July 11, 2011 — Vol. 27 No. 27
Intense livestock grazing over a relatively short period of time can benefit rangelands, according to a study published by Idaho State University researchers.
"The most important thing demonstrated by our study is that grazing can be a positive tool for range management," said Keith Weber, director of the ISU GIS Training and Research Center. "Our study plot that featured intense, short-term grazing had 10 percent more soil moisture than other sites."
Weber and ISU GIS Ph.D. alum Bhushan Gokhale published the study "Effect of grazing on soil-water content in semiarid rangelands of southeast Idaho" in the Journal of Arid Environments.
The study, funded in part by a $1.5 million NASA grant, was conducted on three plots of land on the ISU O'Neal Ecological Preserve near McCammon, Idaho. One plot featured rest/rotation grazing practices where 300 head of cattle where grazed for 30 days; a second plot was not grazed; and a third, smaller plot, featured 125 head of cattle grazing for six days.
"The density of grazing in the smallest plot was six times as much as what occurred on the rest/rotation plot," Weber said.
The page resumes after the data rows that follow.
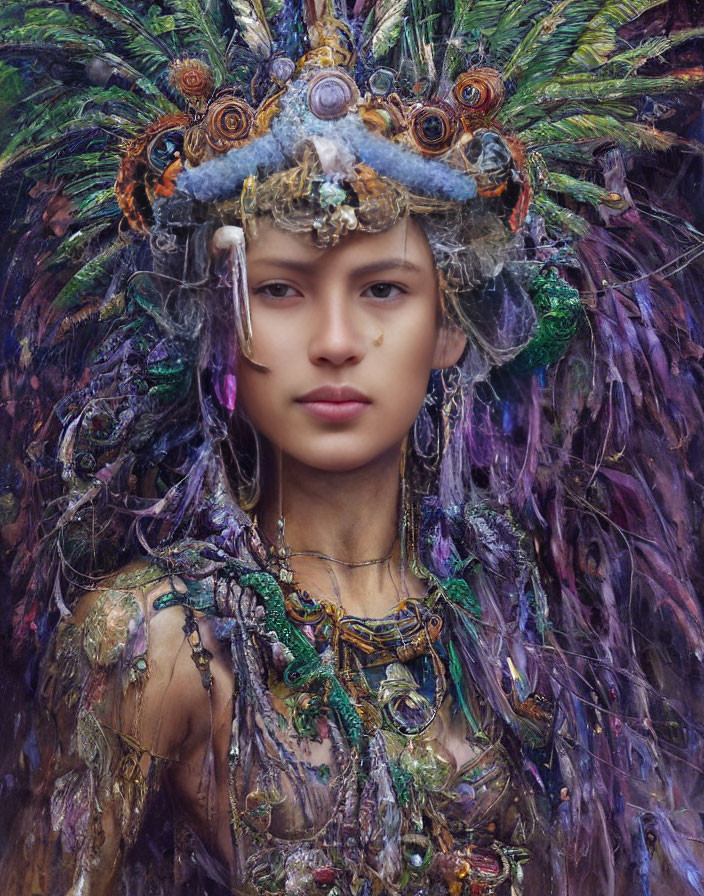 Elaborate Feathered Headdress and Crystal-Studded Costume Portrait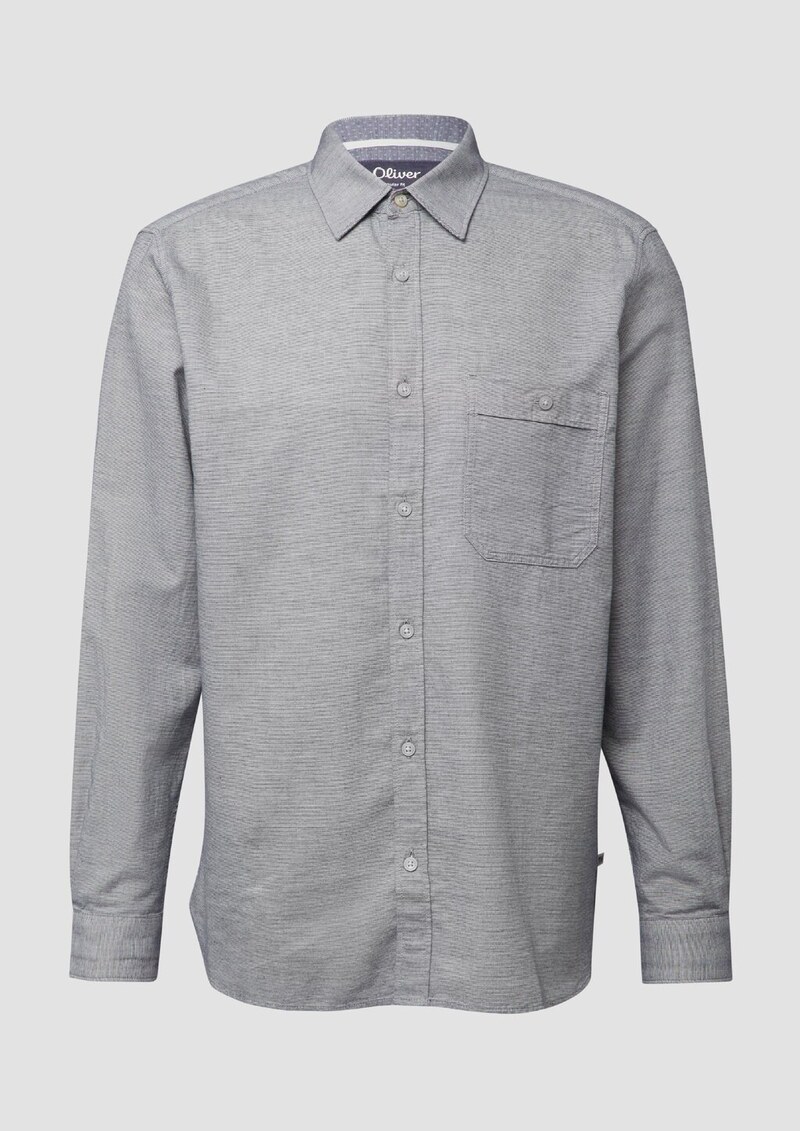 Regular Fit: Gemustertes Langarmhemd mit Kentkragen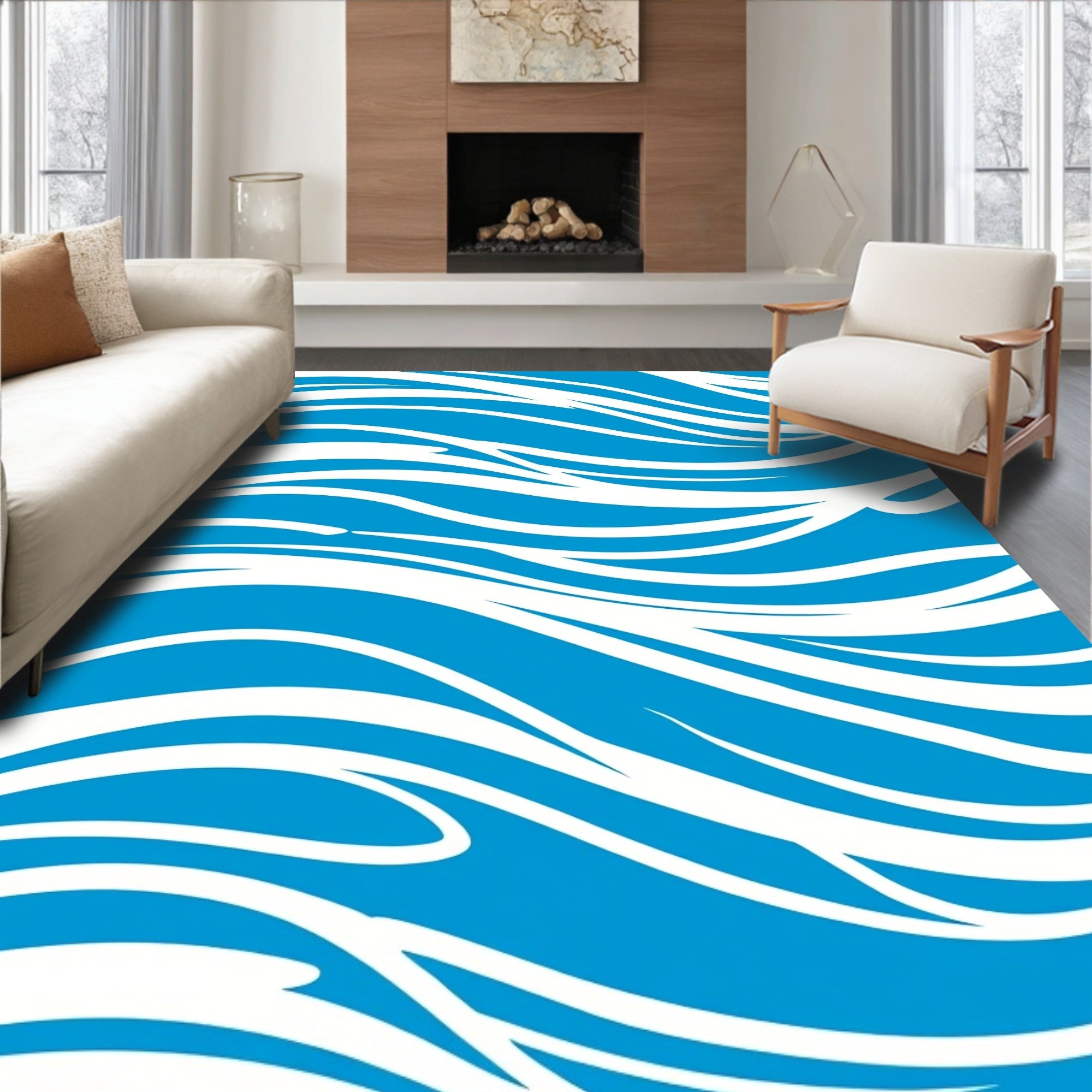 Blue White Flowing Wave Pattern Rug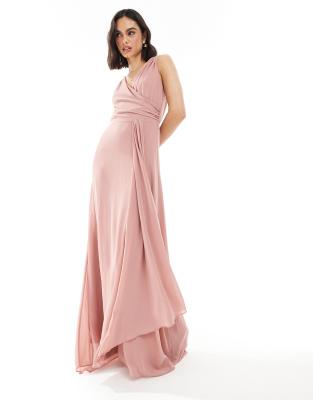 Bridesmaid chiffon wrap front maxi dress with wrap skirt in dusky pink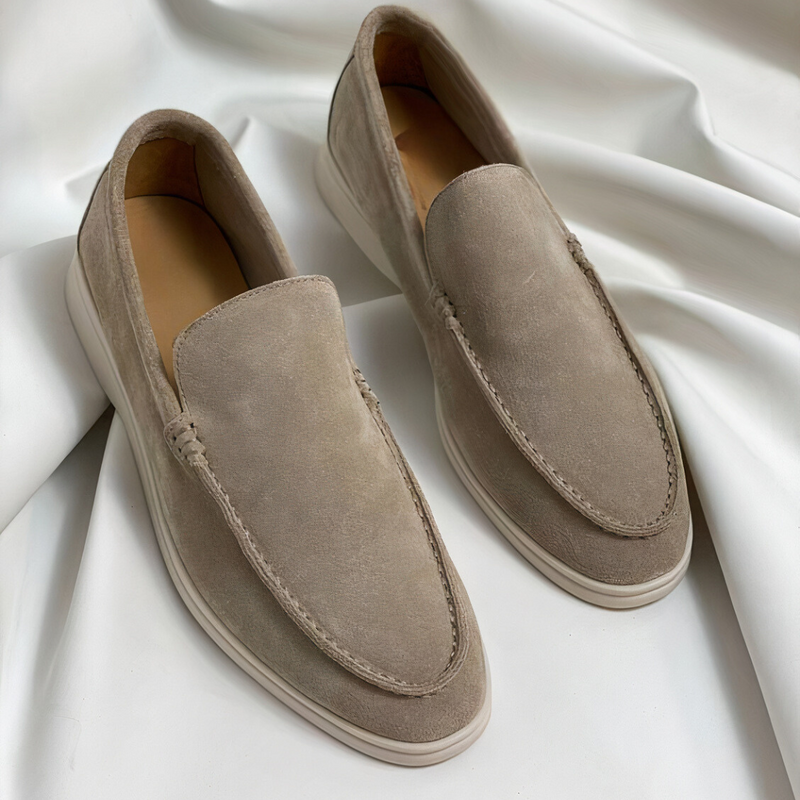 Classic Leather Men's Loafers - Lorenzo-Beige-6.5-State of Style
At the end of the study, all three plots all had roughly the same amount of shrub and grass cover as they had prior to the study. The difference between the three plots, however, was that the small plot grazed intensely for a short period of time had 10 percent greater soil moisture compared to the other two.
"There was significantly more litter, which is essentially trampled down dead grasses, in the smaller plot," Weber said. "That litter acts as a mulch for the soil and grasses. Without the high density of animals grazing in a small area, there is less litter, less mulch and dryer soils."
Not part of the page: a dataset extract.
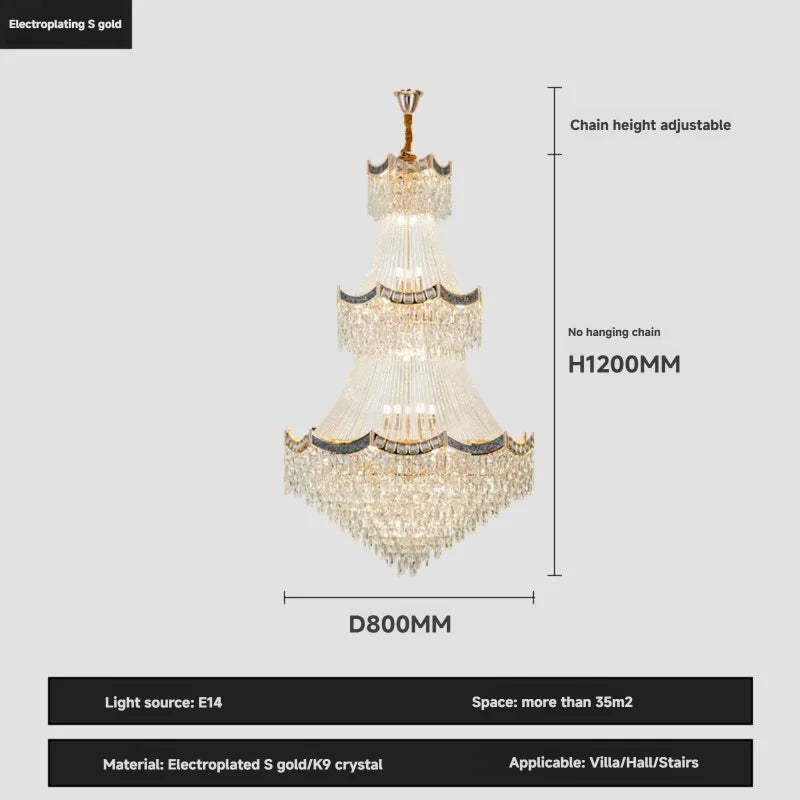 Chandelier with dimensions and specifications on a gray background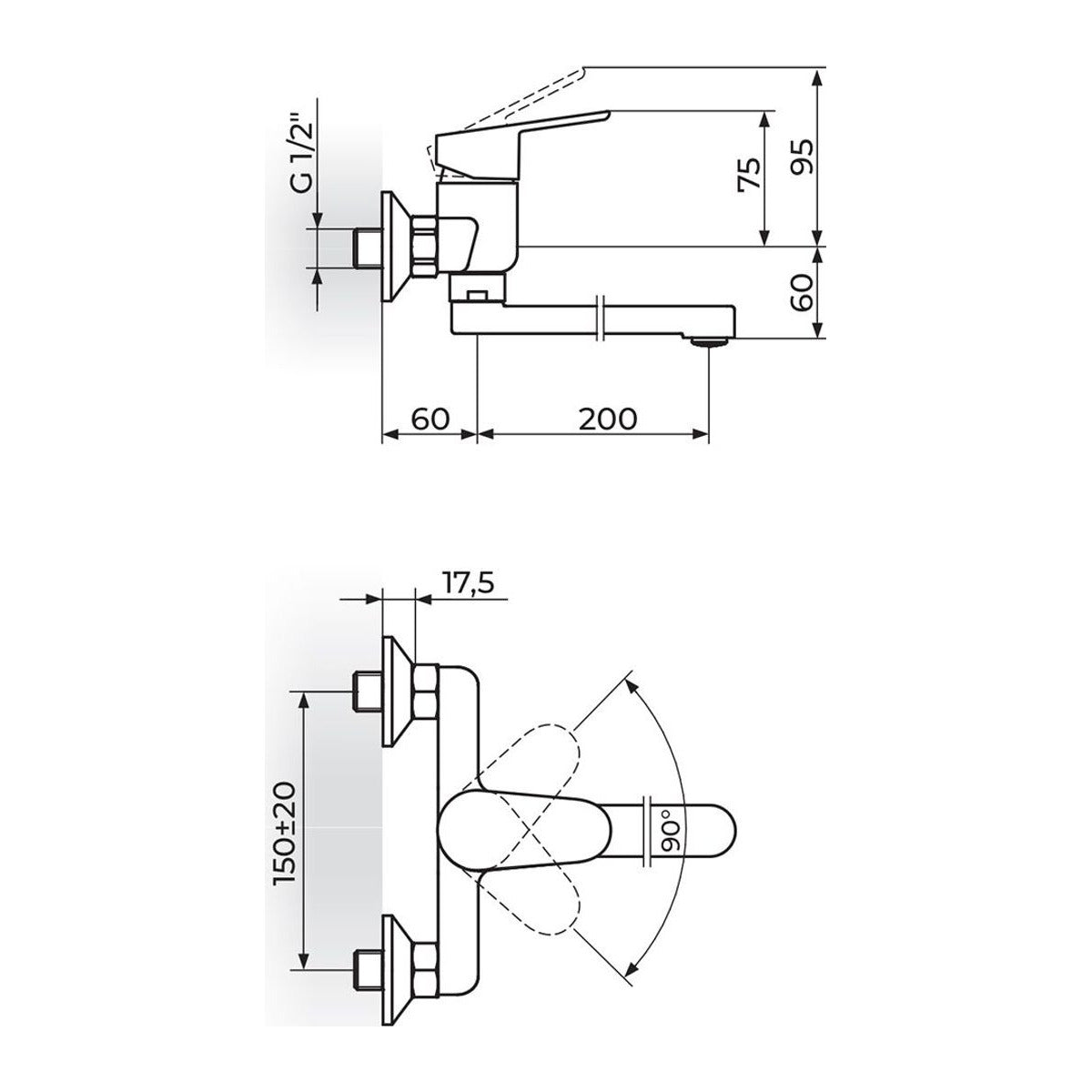 Rosan Smart baterija za sudoperu – lavabo izliv 200mm JA321002 – tehnički crtež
In the semiarid American West, including the Intermountain Region, conserving water is key, and a 10 percent increase in soil moisture is significant. Weber noted that while there are many variables in livestock grazing, his study has shown that prescribed grazing can increase soil moisture, leading to more grass and increased biomass.
"In the West, water is key," Weber said. "If we can capture and retain it by changing some grazing practices, it could really make a different in range production and benefit the economy of rural Idaho."